# [Assignment]
Reproduce, exactly and only, the lines of the data that follows from the one containing "Chanel Quilted Mini" down to the one containing "レトロサンレイズバーストサンセットオレンジイエローレッド ポスター (角)", without pictures.

# [Data for this exercise]
------------------------

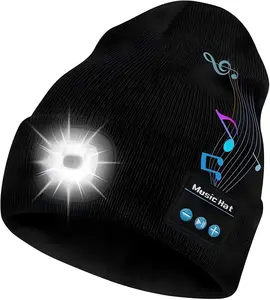 Valentines Day Bluetooth Beanie with Light, Unisex USB Rechargeable 4 LED Fashlight, Hands-Free Music & Calls, Perfect Winter Essential Gift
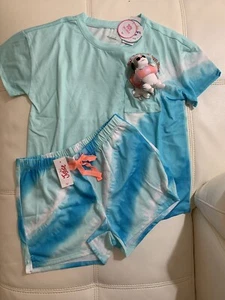 Justice Girls 3pz Set short sleeve and short pajama set & Squishy toys Size 10 - Picture 1 of 3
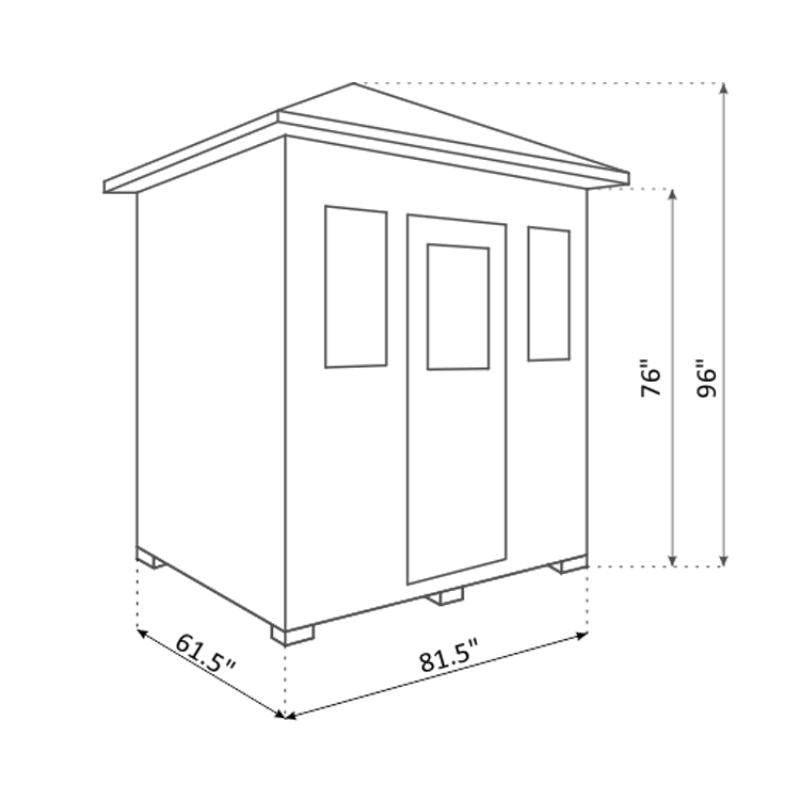 Enlighten-Sapphire 5 Person Hybrid Sauna - Peak Roof-Specs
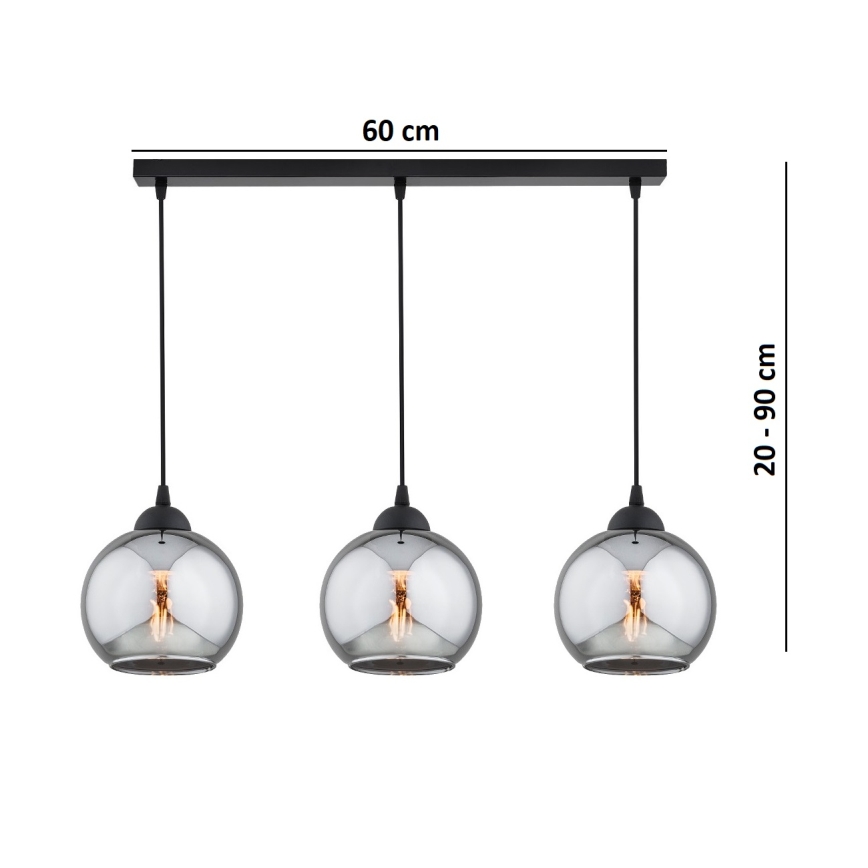 Brilagi - Lustre suspenso por cabo DIOR 3xE27/60W/230V preto/cinzento fumê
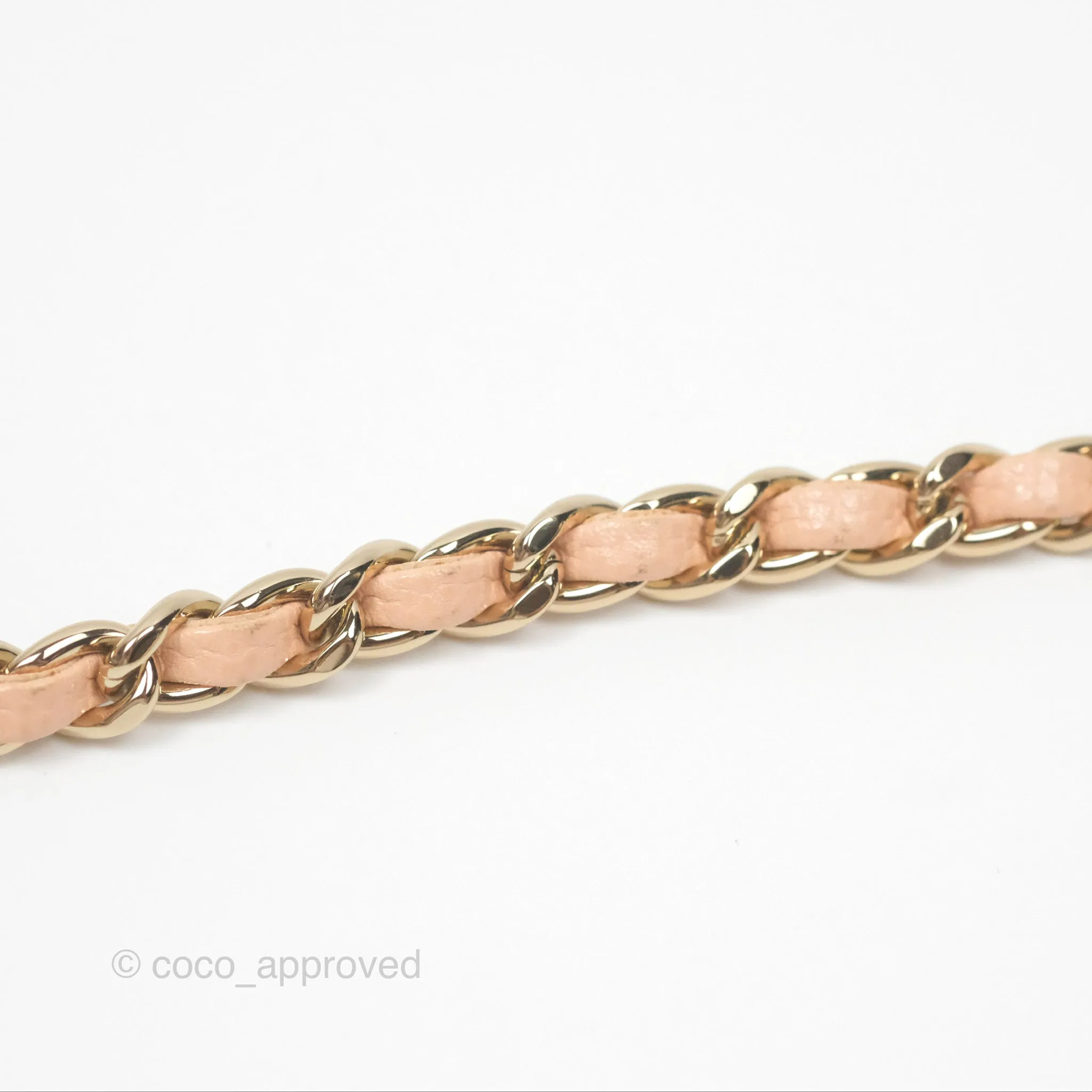 Chanel Quilted Mini Coco Handle Caviar Pink Beige Gold Hardware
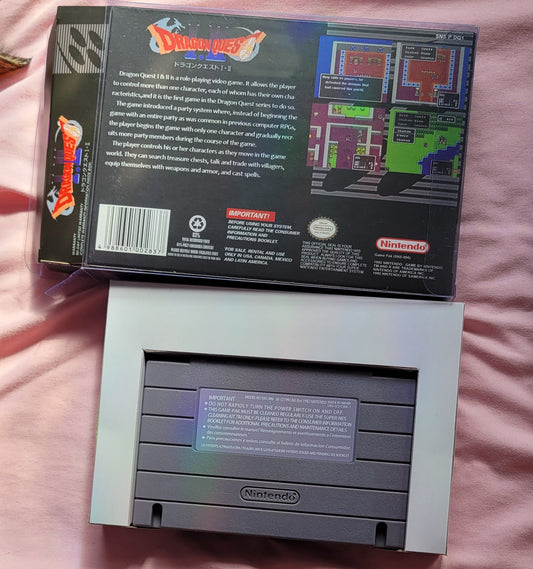 Dragon Quest 1 + 2 SNES Box and Cart NTSC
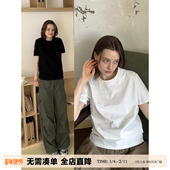 UNRETRO T恤男女圆领白色打底上衣 纯色短袖 250G爽滑棉美式 基础款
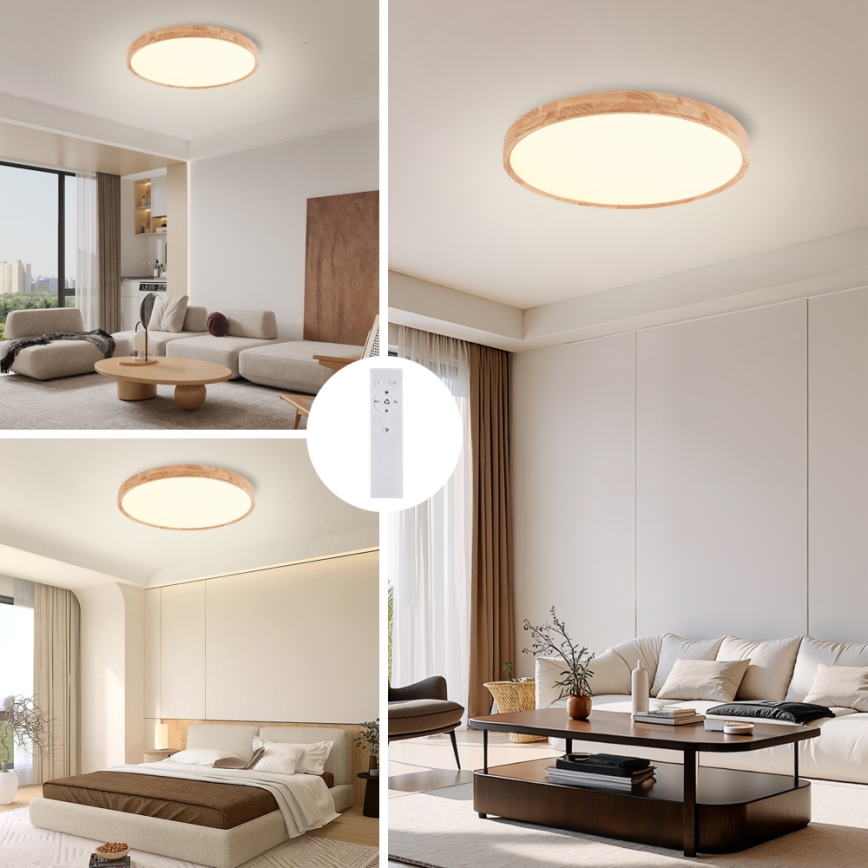 Brilagi - LED-dimmbare Deckenleuchte WOODROUND LED/40W/230V 3000-6000K Ø 60 cm Holz CRI 90 + Fernbedienung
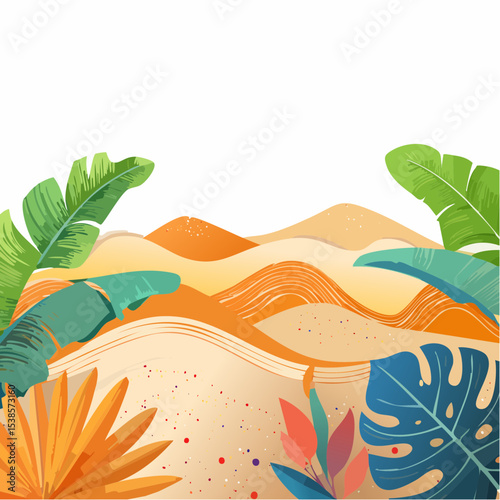 Illustration of a stylized desert landscape with sand dunes and tropical foliage in vibrant colors.
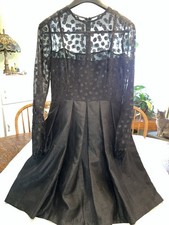 Beautiful Little Black Party Dress Size 4 Sheer Long Sleeve. Great condition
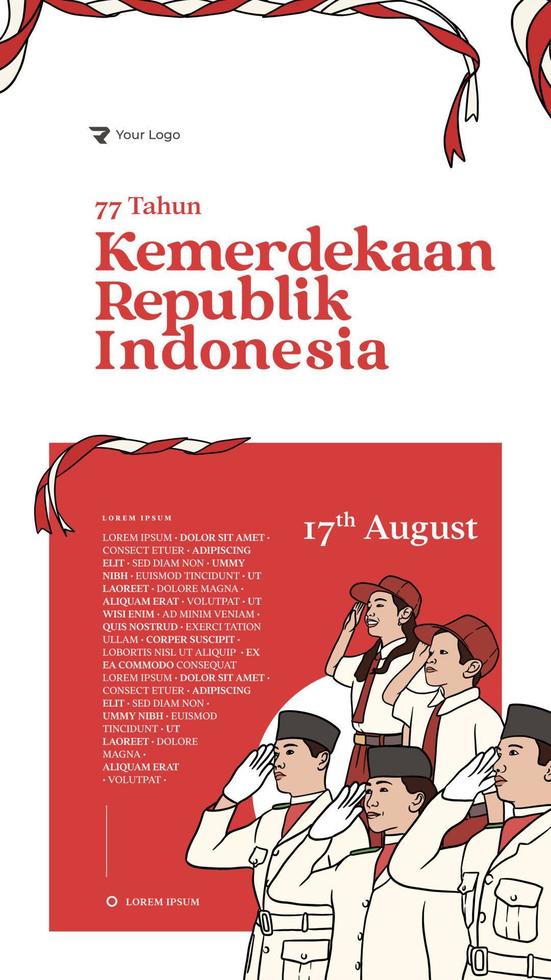 ilustración dibujada a mano día de la independencia de indonesia para publicación en redes sociales o pancarta vector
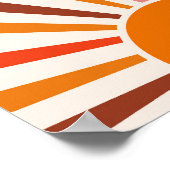 レトロサンレイズバーストサンセットオレンジイエローレッド ポスター (角)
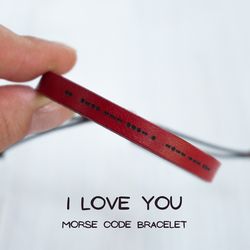 I LOVE YOU morse code bracelet, Christmas gift, Valentine's day gift, Boyfriend and Girlfriend gift, Husband and Wife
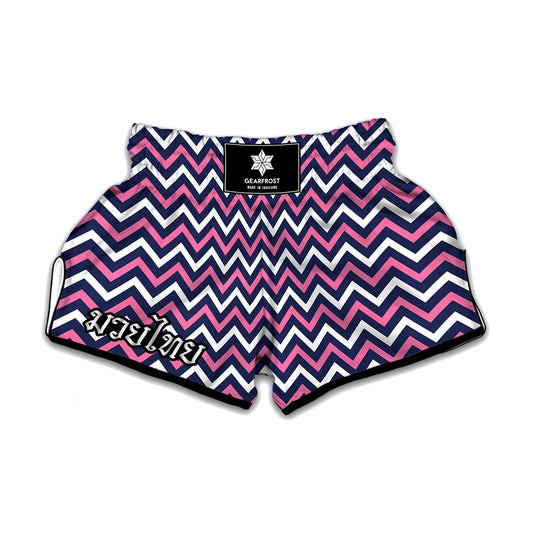 Navy Pink And White Chevron Print Muay Thai Boxing Shorts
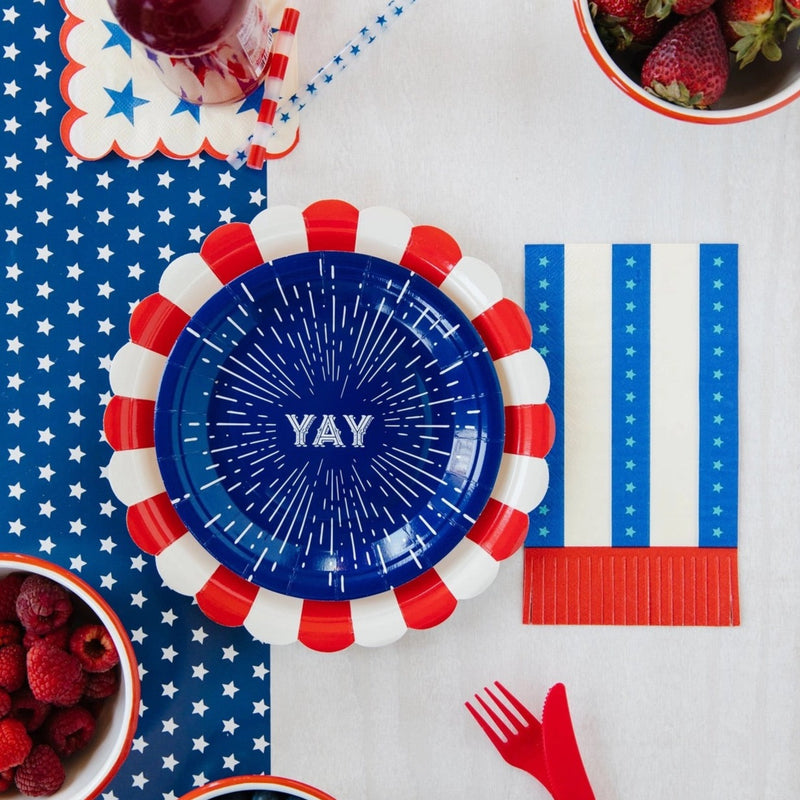Red, white and blue paper dinner napkins with red fringe - perfect for a 4th of july party or summer picnic.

------------------------

# [Reply to the exercise]
 Chanel Quilted Mini Coco Handle Caviar Pink Beige Gold Hardware
 Dragon Quest 1 + 2 SNES Box and Cart NTSC
 UNRETRO T恤男女圆领白色打底上衣 纯色短袖 250G爽滑棉美式 基础款
 Brilagi - LED-dimmbare Deckenleuchte WOODROUND LED/40W/230V 3000-6000K Ø 60 cm Holz CRI 90 + Fernbedienung
 Illustration of a stylized desert landscape with sand dunes and tropical foliage in vibrant colors.
 Beautiful Little Black Party Dress Size 4 Sheer Long Sleeve. Great condition
 ilustración dibujada a mano día de la independencia de indonesia para publicación en redes sociales o pancarta vector
 レトロサンレイズバーストサンセットオレンジイエローレッド ポスター (角)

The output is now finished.